The circuit design of the designed PWM switch drive circuit is carried out, and the working state of the physical circuit is tested by using a digital voltmeter, an AC power meter, an oscilloscope and the like. The voltage waveforms of the two key points in the circuit are tested under normal circuit operation.

Figure 3 shows the PWM switch control signal waveform applied to the gate of the switching device. The period is 14 μs, the amplitude is 8 V, and the duty ratio is 8.3%. There is a certain gap between the period and the preset value. This is mainly the resistance of the RT. The frequency setting deviation caused by the value error. Figure 4 shows the waveform of the current in the LED load. The measurement process is to measure the voltage waveform across the 0. 5 Ω resistor in the LED load loop, and use the linear characteristics of the resistor to reflect the current characteristics. From the waveform, the current is periodically changed according to the sawtooth waveform, and the peak-to-peak value is 40 mV. The current ripple is 80 mA, and the average output current is 350 mA. The ripple coefficient is calculated to be 22.9%.

Figure 3 PWM switch control signal

Figure 4 Current waveform in the LED load

The input power of the circuit is actually measured to be 9. 9 W, and the load power consumption Pout is 8.7 W. The conversion efficiency of the circuit is 87.8%, which is similar to the theoretical calculation of the circuit efficiency.
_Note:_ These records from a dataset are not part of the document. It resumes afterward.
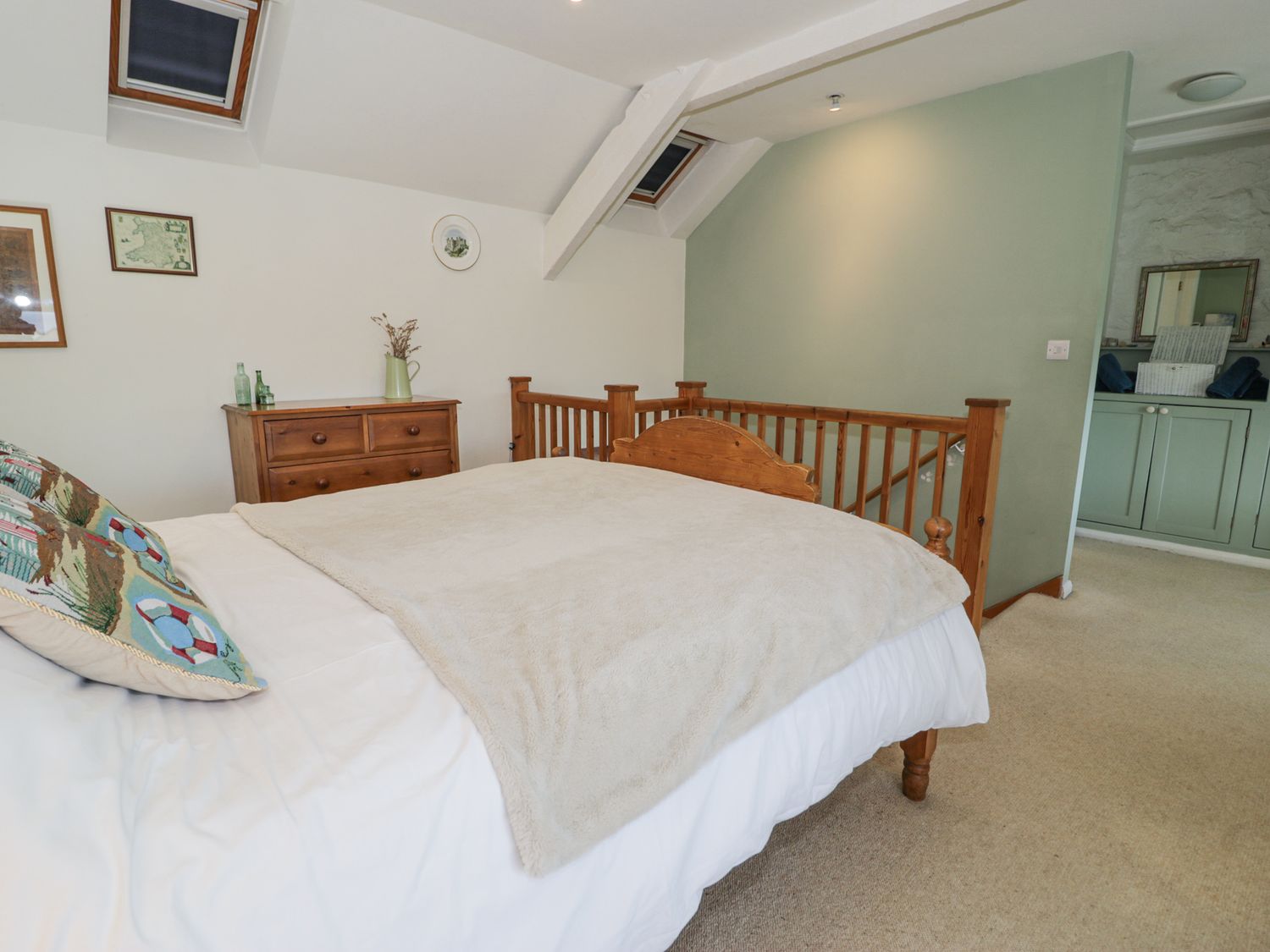Property image 21 for SC1199044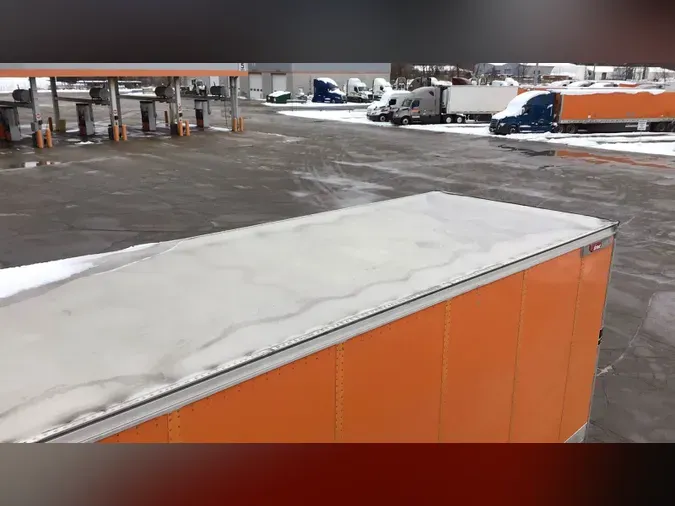 2015 Great Dane 66f209812bd359a9ac44b8cedf048e29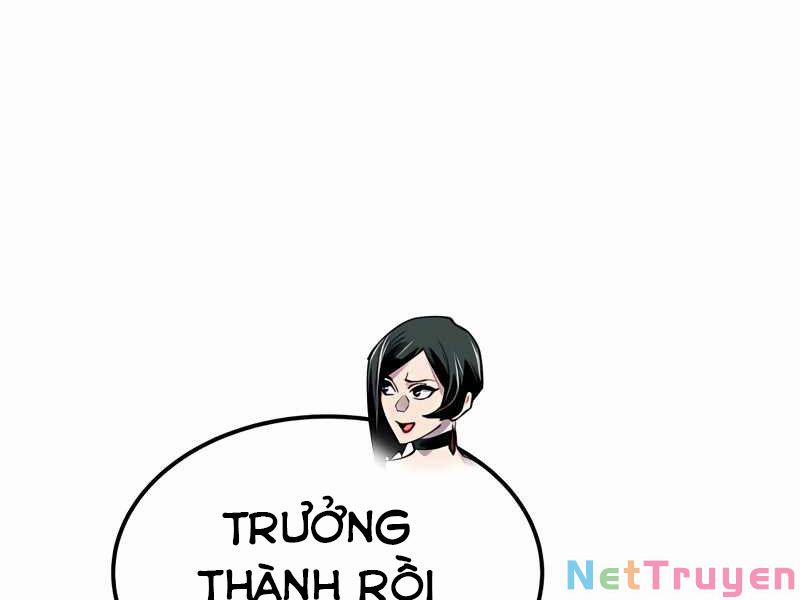 Phá Bỏ Giới Hạn 0 end ss1 trang 48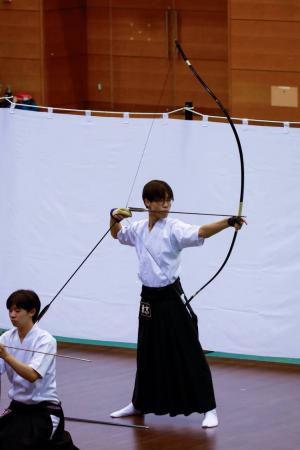 hp03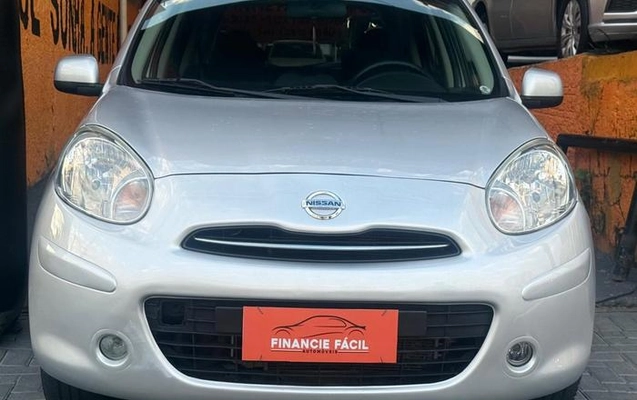 imagem-https://www.socarrao.com.br/sc-vehicle-images-prod/3969788/1789846400337-723873910
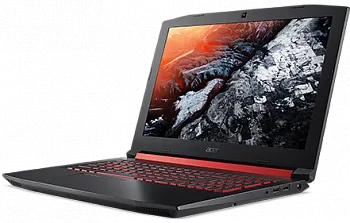 Купить Ноутбук Acer Nitro 5 AN515-52-785E (NH.Q3LEU.041) - ITMag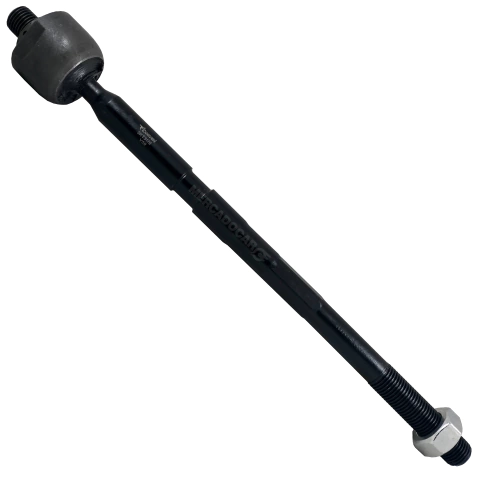 Precap (Axial) Corven (Aplica para Ambos Lados) - Palio Siena Strada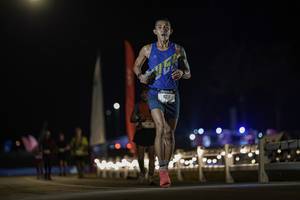 BIB: 
                            <button type="button" onclick="openModal(26174490)" class="btn btn-primary btn-sm float-right btn-popup" data-toggle="modal" data-target=".modal-high-quality">
                        <i class="fas fa-shopping-cart"></i> Add to Cart
                    </button>
                                            <button type="button" onclick="isThisMe(26174490, true)" class="btn btn-success btn-sm float-right btn-popup btn-isme hidden" data-toggle="tooltip" data-placement="bottom" title="นี่คือรูปของคุณใช่ไหม คลิกที่นี่เพื่อเอาเข้าอัลบั้ม">
                        <i class="fas fa-plus"></i> Add to album
                    </button>
                    <button type="button" onclick="isThisMe(26174490, false)" class="btn btn-warning btn-sm float-right btn-popup btn-isnotme hidden">
                        <i class="fas fa-ban"></i> Remove from album
                    </button>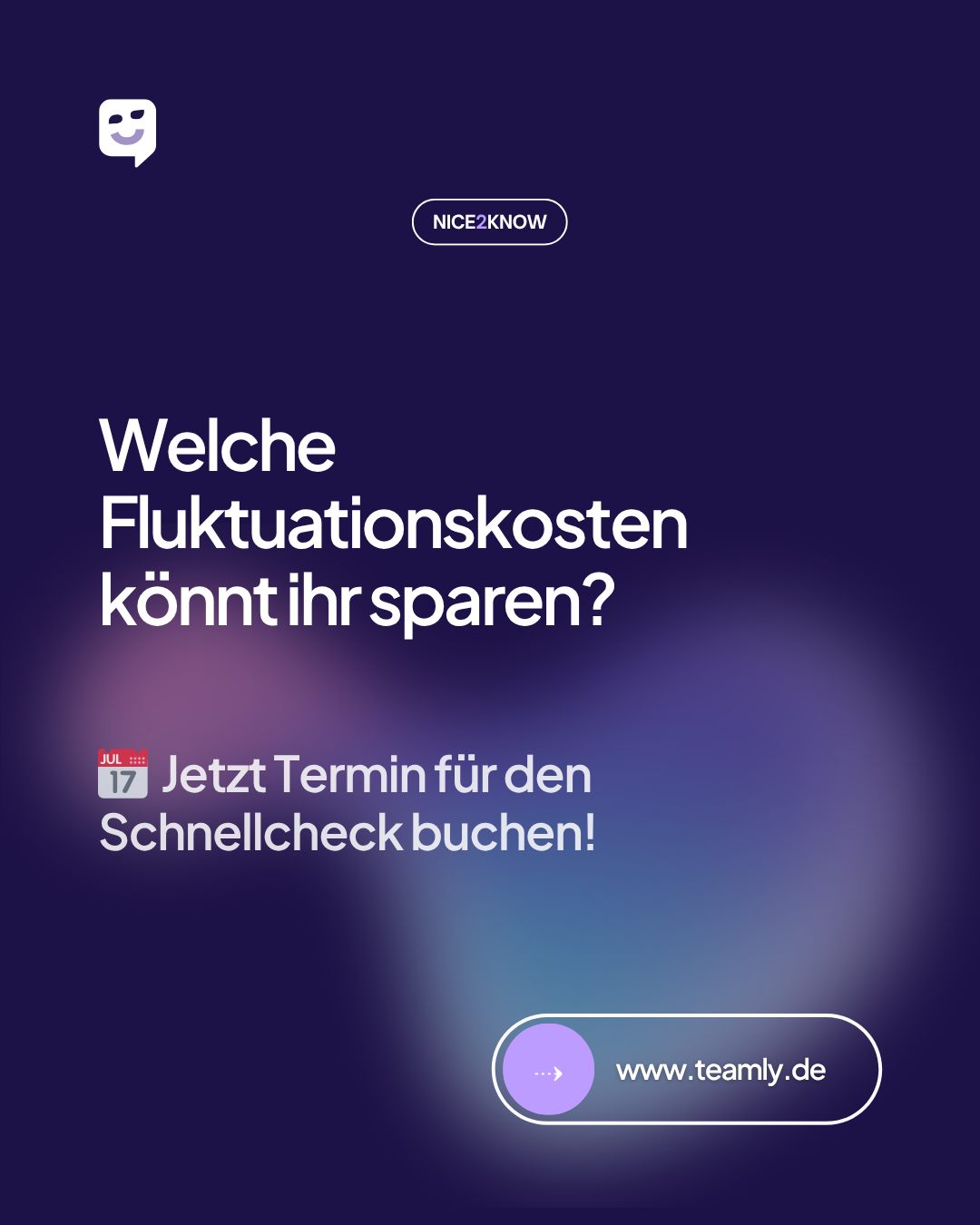 120 000 € – so teuer können 5 Kündigungen sein. 😱 – Bild 3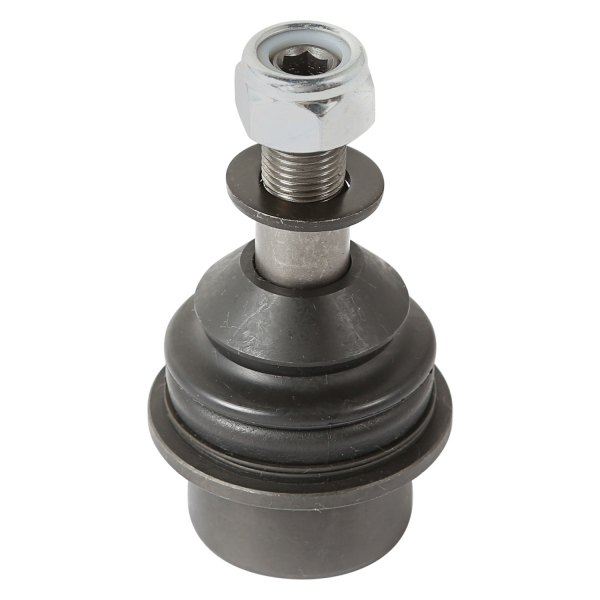 Omix-ADA® - Lower Ball Joint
After measuring the key point waveform of the circuit and measuring the power of the circuit, the circuit is operated at a frequency of 71 kHz, the working state is stable, the output power is large, and the efficiency is high. However, the output ripple coefficient of the circuit is too high, so that the illuminance of the LED in safe operation will not reach its optimal value, and further improvement and improvement of the circuit output filtering part is needed.

4 Conclusion

Through analysis to understand the LED luminescence performance and electrical characteristics, the drive requirements for driving the LED array in series using a constant current source are obtained. Based on the principle of PWM mode switching circuit, a typical PWM mode switching circuit based on HV9910B chip is designed. The optimal working frequency is determined by experimental measurement, and the illumination driving of white light high power LED is well completed. Through theoretical calculations and actual measurements, it is found that the switching LED driving power supply has superior circuit conversion efficiency, wide operating voltage range, constant current output and conversion efficiency exceeding 85%. However, to drive the white LED more safely for daylighting, it is necessary to perform a more excellent filtering process on the output of the switching circuit, so that the output ripple of the circuit is smaller and the current is more stable.